===== THE DATA
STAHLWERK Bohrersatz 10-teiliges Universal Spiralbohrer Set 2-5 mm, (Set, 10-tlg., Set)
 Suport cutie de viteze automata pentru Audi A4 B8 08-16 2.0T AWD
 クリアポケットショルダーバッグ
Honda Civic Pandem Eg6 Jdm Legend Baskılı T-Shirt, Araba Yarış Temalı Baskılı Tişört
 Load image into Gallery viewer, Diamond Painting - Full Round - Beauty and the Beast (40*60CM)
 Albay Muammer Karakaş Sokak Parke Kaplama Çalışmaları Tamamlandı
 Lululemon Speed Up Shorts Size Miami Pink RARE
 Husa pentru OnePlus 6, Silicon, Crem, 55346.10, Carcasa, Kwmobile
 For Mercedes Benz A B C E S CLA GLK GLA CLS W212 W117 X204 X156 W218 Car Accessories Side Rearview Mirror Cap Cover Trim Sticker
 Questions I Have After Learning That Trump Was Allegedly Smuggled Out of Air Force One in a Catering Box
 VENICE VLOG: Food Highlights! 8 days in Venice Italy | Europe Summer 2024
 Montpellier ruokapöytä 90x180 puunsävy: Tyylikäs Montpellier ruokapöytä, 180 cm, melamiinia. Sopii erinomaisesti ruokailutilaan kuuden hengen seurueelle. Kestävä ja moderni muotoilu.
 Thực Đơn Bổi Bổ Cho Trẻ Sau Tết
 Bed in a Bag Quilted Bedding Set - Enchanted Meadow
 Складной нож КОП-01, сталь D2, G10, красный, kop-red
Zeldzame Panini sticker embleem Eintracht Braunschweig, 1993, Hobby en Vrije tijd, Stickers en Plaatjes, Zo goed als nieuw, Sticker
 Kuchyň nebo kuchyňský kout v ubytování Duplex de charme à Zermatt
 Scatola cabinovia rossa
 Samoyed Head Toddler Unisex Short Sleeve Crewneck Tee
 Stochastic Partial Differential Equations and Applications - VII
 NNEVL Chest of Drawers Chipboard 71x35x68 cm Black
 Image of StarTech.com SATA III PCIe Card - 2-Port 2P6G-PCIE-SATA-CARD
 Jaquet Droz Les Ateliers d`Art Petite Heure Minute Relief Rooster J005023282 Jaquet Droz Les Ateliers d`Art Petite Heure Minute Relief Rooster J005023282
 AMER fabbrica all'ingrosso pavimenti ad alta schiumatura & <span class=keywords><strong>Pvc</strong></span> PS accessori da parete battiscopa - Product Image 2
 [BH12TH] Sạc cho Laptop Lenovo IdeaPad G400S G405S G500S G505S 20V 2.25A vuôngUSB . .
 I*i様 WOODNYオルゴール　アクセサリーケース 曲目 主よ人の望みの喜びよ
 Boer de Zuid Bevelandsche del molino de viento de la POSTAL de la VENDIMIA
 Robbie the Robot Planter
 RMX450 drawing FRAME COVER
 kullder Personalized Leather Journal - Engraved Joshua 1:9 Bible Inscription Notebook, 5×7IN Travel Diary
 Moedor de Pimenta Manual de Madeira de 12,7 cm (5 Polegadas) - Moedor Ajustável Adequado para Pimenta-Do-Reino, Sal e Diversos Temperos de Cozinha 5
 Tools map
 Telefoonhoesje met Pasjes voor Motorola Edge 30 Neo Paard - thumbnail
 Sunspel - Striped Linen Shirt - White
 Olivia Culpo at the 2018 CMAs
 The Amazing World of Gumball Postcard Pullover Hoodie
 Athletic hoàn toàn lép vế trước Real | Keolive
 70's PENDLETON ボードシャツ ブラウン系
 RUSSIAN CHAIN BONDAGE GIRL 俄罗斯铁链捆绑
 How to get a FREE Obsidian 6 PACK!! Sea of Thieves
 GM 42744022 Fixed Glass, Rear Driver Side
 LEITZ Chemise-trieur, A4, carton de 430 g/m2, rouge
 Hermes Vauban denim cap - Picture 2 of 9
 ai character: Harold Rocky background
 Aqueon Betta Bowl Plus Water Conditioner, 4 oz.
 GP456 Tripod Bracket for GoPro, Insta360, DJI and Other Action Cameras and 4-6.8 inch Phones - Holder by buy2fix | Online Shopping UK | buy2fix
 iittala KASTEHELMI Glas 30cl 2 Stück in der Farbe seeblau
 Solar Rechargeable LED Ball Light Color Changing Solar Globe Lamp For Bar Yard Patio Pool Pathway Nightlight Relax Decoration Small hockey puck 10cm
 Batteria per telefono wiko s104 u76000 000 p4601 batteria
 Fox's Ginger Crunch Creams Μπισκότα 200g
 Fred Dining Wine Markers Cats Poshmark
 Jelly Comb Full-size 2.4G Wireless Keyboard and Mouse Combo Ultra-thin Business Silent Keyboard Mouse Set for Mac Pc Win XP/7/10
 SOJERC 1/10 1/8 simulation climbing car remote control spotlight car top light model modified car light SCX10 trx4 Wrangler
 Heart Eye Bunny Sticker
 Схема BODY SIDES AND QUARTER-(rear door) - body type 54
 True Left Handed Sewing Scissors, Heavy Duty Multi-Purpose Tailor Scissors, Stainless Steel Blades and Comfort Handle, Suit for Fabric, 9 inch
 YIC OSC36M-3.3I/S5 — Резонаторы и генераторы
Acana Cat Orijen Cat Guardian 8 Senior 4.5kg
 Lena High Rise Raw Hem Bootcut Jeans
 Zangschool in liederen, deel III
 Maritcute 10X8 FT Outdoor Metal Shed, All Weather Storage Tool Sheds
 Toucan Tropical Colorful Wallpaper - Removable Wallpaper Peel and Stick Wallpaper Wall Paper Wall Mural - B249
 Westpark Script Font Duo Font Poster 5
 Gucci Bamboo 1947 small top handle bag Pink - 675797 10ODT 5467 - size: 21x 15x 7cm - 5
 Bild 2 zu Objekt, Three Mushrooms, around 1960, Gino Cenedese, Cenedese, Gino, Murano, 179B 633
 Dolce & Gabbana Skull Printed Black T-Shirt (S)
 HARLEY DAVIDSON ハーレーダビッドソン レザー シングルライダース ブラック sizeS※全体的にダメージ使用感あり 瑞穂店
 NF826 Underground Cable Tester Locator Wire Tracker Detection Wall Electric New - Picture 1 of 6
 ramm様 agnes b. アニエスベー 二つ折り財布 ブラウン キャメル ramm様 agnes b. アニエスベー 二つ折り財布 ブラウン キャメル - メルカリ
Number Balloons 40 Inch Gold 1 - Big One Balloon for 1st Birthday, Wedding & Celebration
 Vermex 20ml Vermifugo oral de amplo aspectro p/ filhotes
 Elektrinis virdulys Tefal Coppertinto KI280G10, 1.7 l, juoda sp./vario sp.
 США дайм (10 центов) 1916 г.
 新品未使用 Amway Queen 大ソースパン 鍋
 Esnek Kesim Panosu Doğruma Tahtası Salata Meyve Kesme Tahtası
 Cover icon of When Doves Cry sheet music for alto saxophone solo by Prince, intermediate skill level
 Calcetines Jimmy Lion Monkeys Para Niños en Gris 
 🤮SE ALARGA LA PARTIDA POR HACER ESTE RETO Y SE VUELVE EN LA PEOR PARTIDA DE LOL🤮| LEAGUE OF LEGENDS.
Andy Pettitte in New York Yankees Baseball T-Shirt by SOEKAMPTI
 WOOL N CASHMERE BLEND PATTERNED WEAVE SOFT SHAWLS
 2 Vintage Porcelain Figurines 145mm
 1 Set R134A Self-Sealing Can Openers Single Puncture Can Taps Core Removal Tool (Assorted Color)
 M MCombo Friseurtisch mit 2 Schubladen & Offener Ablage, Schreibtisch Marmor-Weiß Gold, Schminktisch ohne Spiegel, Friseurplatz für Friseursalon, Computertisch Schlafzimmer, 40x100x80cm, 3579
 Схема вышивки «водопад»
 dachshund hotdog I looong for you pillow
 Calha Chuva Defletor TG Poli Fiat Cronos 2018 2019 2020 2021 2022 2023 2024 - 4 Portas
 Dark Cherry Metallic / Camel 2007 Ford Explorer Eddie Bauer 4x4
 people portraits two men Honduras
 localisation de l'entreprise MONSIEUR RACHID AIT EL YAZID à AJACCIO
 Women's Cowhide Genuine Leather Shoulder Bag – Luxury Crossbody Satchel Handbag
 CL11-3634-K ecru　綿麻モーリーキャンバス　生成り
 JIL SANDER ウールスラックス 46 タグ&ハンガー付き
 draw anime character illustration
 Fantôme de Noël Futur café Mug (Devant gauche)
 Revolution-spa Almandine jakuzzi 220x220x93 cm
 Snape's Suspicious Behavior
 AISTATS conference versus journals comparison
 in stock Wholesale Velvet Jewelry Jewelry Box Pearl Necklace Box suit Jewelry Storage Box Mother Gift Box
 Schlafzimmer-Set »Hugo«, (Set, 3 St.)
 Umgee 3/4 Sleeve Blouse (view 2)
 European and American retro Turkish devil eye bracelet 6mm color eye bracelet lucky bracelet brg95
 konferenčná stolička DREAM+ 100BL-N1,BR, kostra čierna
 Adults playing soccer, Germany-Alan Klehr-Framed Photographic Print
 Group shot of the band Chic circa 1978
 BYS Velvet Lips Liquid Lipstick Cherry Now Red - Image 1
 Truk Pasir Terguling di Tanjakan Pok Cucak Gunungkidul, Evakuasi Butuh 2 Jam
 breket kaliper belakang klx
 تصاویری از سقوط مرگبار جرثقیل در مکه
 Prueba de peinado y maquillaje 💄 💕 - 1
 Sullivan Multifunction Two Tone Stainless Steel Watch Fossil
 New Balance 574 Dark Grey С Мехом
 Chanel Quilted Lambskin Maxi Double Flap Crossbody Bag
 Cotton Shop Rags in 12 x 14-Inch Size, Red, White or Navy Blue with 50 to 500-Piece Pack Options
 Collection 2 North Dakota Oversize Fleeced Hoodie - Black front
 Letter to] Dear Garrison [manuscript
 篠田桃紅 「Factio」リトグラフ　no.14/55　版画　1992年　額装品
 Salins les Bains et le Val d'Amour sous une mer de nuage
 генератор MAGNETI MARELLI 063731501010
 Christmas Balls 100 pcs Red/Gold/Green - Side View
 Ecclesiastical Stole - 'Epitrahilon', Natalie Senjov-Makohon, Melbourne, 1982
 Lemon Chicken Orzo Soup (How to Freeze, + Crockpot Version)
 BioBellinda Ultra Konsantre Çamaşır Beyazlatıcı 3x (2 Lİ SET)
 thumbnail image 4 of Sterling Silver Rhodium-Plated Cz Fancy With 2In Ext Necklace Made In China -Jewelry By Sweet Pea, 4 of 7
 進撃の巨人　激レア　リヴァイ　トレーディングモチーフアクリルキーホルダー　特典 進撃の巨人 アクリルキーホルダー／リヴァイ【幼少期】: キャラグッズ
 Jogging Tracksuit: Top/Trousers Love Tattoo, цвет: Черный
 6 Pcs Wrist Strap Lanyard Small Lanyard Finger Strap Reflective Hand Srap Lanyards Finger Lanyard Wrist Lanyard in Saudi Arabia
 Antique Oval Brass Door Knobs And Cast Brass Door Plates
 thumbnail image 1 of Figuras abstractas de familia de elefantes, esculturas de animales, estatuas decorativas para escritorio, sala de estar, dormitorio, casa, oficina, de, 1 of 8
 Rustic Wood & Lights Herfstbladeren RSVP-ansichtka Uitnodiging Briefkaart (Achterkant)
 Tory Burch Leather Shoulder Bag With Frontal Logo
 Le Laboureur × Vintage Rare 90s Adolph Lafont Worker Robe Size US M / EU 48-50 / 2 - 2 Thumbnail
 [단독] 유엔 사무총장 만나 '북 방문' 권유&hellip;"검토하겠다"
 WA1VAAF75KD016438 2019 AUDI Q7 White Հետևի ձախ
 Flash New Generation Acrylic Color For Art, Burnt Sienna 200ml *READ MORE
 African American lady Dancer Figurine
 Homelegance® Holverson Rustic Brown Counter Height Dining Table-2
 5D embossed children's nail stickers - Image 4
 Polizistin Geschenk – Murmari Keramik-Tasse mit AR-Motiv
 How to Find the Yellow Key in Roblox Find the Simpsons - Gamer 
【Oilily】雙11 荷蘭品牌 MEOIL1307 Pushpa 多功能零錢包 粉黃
==========
_ASSIGNMENT_
All that is needed is the exact run of lines above from the line containing "AISTATS conference versus" through the line containing "European and American", both of them included.

_RESPONSE TO THE EXERCISE_
 AISTATS conference versus journals comparison
 in stock Wholesale Velvet Jewelry Jewelry Box Pearl Necklace Box suit Jewelry Storage Box Mother Gift Box
 Schlafzimmer-Set »Hugo«, (Set, 3 St.)
 Umgee 3/4 Sleeve Blouse (view 2)
 European and American retro Turkish devil eye bracelet 6mm color eye bracelet lucky bracelet brg95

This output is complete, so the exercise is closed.